On the personal point whether an author should ever hear of himself, George Eliot oddly enough contradicts herself in a casual remark upon Bulwer. “I have a great respect,” she says, “for the energetic industry which has made the most of his powers. He has been writing diligently for more than thirty years, constantly improving his position, and profiting by the lessons of public opinion and of other writers” (ii. 322). But if it is true that the less an author hears about himself the better, how are these salutary “lessons of public opinion” to penetrate to him? “Rubens,” she says, writing from Munich, in 1858 (ii. 28), “gives me more pleasure than any other painter whether right or wrong. More than any one else he makes me feel that painting is a great art, and that he was a great artist. His are such real breathing men and women, moved by passions, not mincing, and grimacing, and posing in mere imitation of passion.” But Rubens did not concentrate his intellect on his own ponderings, nor shut out the wholesome chastenings of praise and blame, lest they should discourage his inspiration. Beethoven, another of the chief objects of George Eliot’s veneration, bore all the rough stress of an active and troublesome calling, though of the musician, if of any, we may say, that his is the art of self-absorption.
Hence, delightful and inspiring as it is to read this story of diligent and discriminating cultivation, of accurate truth and real erudition and beauty, not vaguely but methodically interpreted, one has some of the sensations of the moral and intellectual hothouse. Mental hygiene is apt to lead to mental valetudinarianism. “The ignorant journalist” may be left to the torment which George Eliot wished that she could inflict on one of those literary slovens whose manuscripts bring even the most philosophic editor to the point of exasperation: “I should like to stick red-hot skewers through the writer, whose style is as sprawling as his handwriting.” By all means. But much that even the most sympathetic reader finds repellent in George Eliot’s later work might perhaps never have been, if Mr. Lewes had not practised with more than Russian rigor a censorship of the press and the post office which kept every disagreeable whisper scrupulously from her ear. To slop every draft with sandbags, screens, and curtains, and to limit one’s exercise to a drive in a well-warmed brougham with the windows drawn up, may save a few annoying colds in the head, but the end of the process will be the manufacture of an invalid.

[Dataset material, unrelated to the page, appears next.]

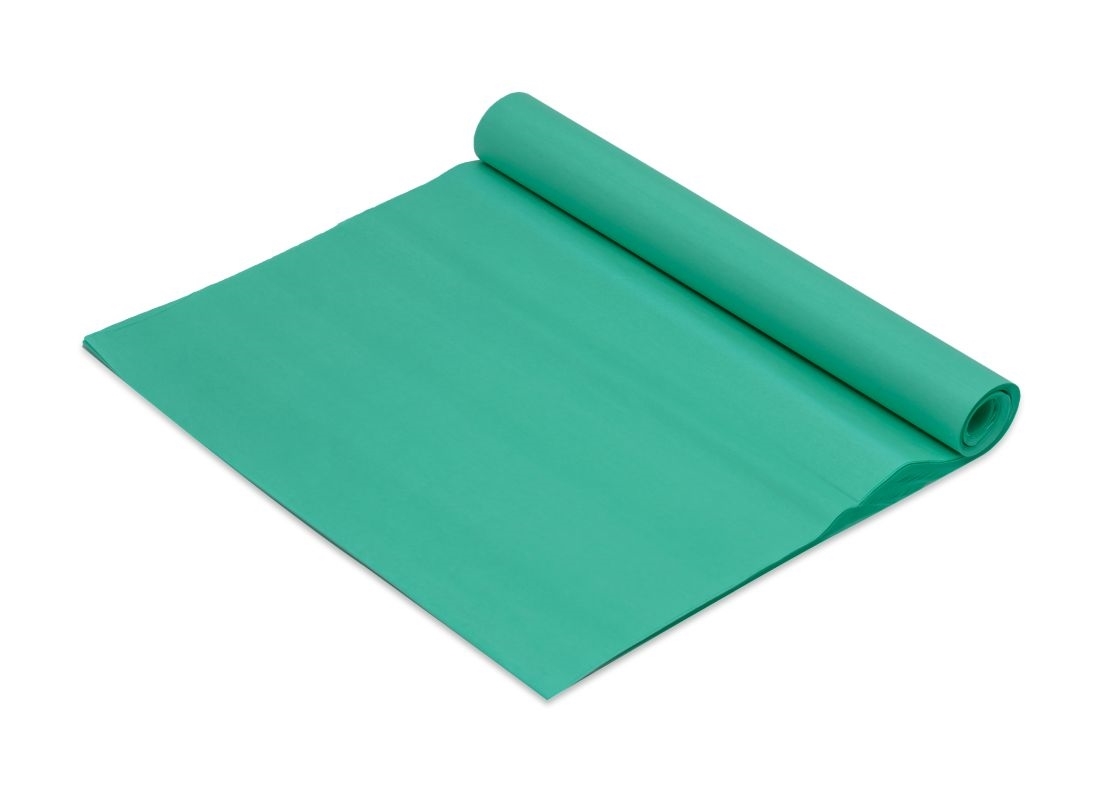 NEOPAK obalový produkt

Whatever view we may take of the precise connection between what she read, or abstained from reading, and what she wrote, no studious man or woman can look without admiration and envy on the breadth, variety, seriousness, and energy, with which she set herself her tasks and executed them. She says in one of her letters, “there is something more piteous almost than soapless poverty in the application of feminine incapacity to literature” (ii. 16). Nobody has ever taken the responsibilities of literature more ardently in earnest. She was accustomed to read aloud to Mr. Lewes three hours a day, and her private reading, except when she was engaged in the actual stress of composition, must have filled as many more. His extraordinary alacrity and her brooding intensity of mind, prevented these hours from being that leisurely process in slippers and easy chair which passes with many for the practice of literary cultivation. Much of her reading was for the direct purposes of her own work. The young lady who begins to write historic novels out of her own head will find something much to her advantage if she will refer to the list of books read by George Eliot during the latter half of 1861, when she was meditating Romola (ii. 325). Apart from immediate needs and uses, no student of our time has known better the solace, the delight, the guidance that abide in great writings. Nobody who did not share the scholars enthusiasm could have described the blind scholar in his library in the adorable fifth chapter of Romola; and we feel that she must have copied out with keen gusto of her own those words of Petrarch which she puts into old Bardo’s mouth – “Libri medullitus delectant, colloquuntur, consulunt, et viva quadam nobis atque arguta familiaritate junguntur.”
As for books that are not books, as Milton bade us do with “neat repasts with wine,” she wisely spared to interpose them oft. Her standards of knowledge were those of the erudite and the savant, and even in the region of beauty she was never content with any but definite impressions. In one place in these volumes, by the way, she makes a remark curiously inconsistent with the usual scientific attitude of her mind. She has been reading Darwin’s Origin of Species, on which she makes the truly astonishing criticism that it is “sadly wanting in illustrative facts,” and that “it is not impressive from want of luminous and orderly presentation” (ii. 43-48). Then she says that “the development theory, and all other explanation of processes by which things came to be produce a feeble impression compared with the mystery that lies under processes.” This position it does not now concern us to discuss, but at least it is in singular discrepancy with her strong habitual preference for accurate and quantitative knowledge, over vague and misty moods in the region of the unknowable and the unreachable.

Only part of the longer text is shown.